While hurried hallway conferences convened, the voice-net soon crackled with the welcome news that the DSN station had "telemetry back in lock" from the distant robot. Upon analysis, it became apparent that the spacecraft's Solid-State Power Switch (SSPS) had experienced an upset, probably caused when a cosmic-ray particle slammed through one of its transistors. This had caused electrical power to the spacecraft's transmitter to shut off. On-board, a fault-protection algorithm had faithfully recognized the condition, brought the switch to the "RESET" state, paused, and then set it back to the "ON" state, restoring communications. This amounted to the 38th time an SSPS trip occurred on Cassini; only three of them, though, ever have affected this transmitter.
The Deep Space Network (DSN) communicated with and tracked Cassini 13 times this week, using stations in Spain, Australia and California. European Space Agency stations in Argentina and Australia participated in the Radio Science ring occultation experiment on Saturday. A total of 9,563 individual commands were uplinked, and about 1,690 megabytes of telemetry data were downlinked and captured at rates as high as 110,601 bits per second.

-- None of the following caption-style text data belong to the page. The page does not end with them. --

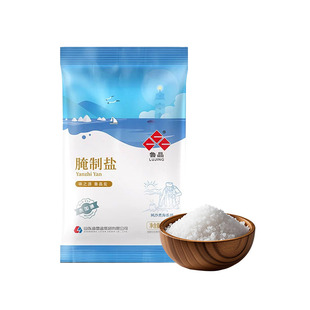 天然大颗粒盐海盐粗盐大粒盐食用腌制泡菜盐焗鸡腌菜盐海鲜专用盐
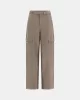 Guess Agatha Cargo Kadın Haki Pantolon W5GA1TWDP85-G9D5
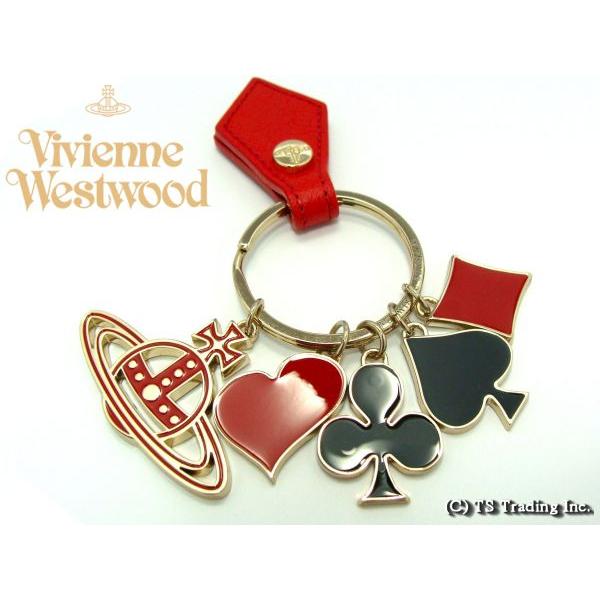 ヴィヴィアン☆Vivienne Westwood カフスボタン トランプ Vivienne
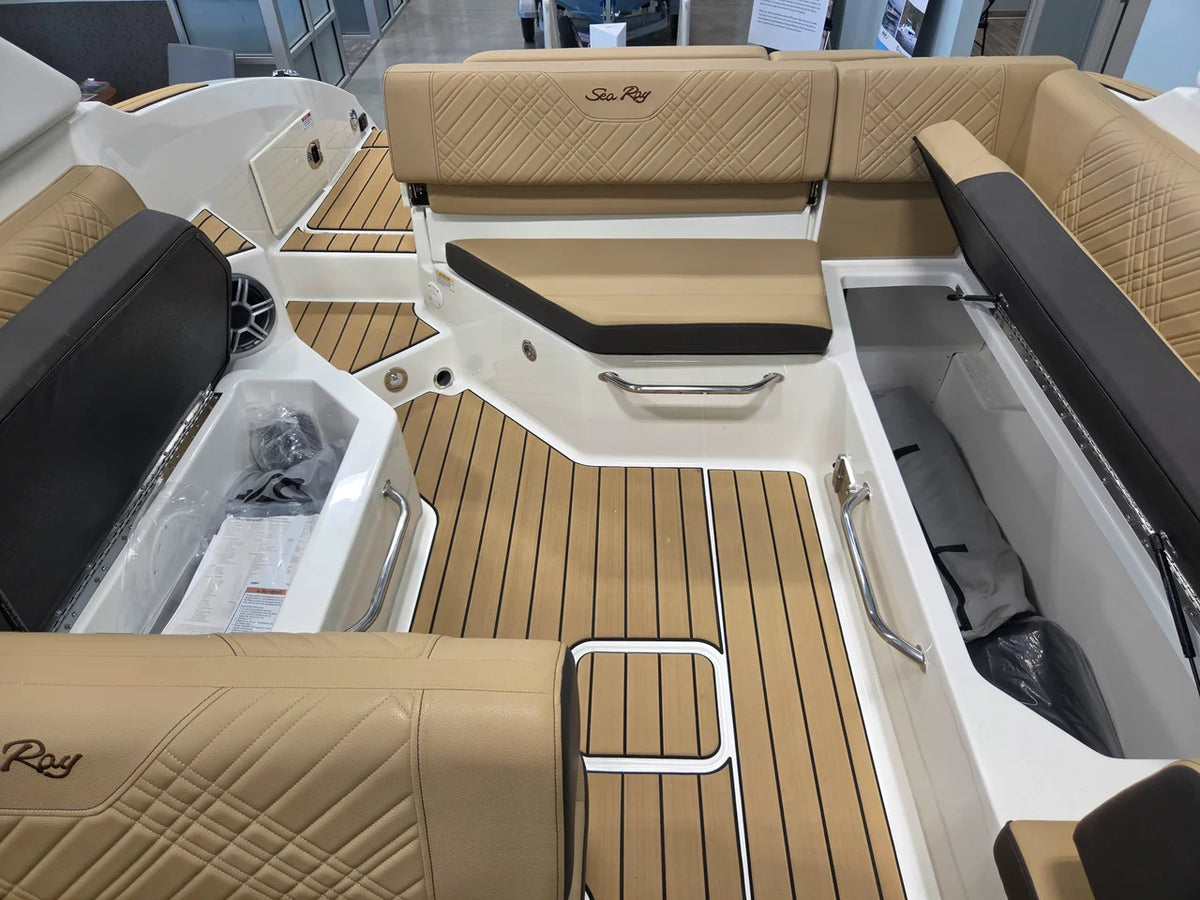 2027 Sea Ray SDX 270 Surf 27.0 feet, Monkey Island, OK #32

Cassini is orbiting Saturn with a period of eight days in a plane inclined 61.4 degrees from the planet's equatorial plane. The most recent spacecraft tracking and telemetry data were obtained on Nov. 16, using one of the 34-meter diameter DSN stations in Australia. The spacecraft continues to be in an excellent state of health with all of its subsystems operating normally except for the instrument issues described at http://saturn.jpl.nasa.gov/anomalies .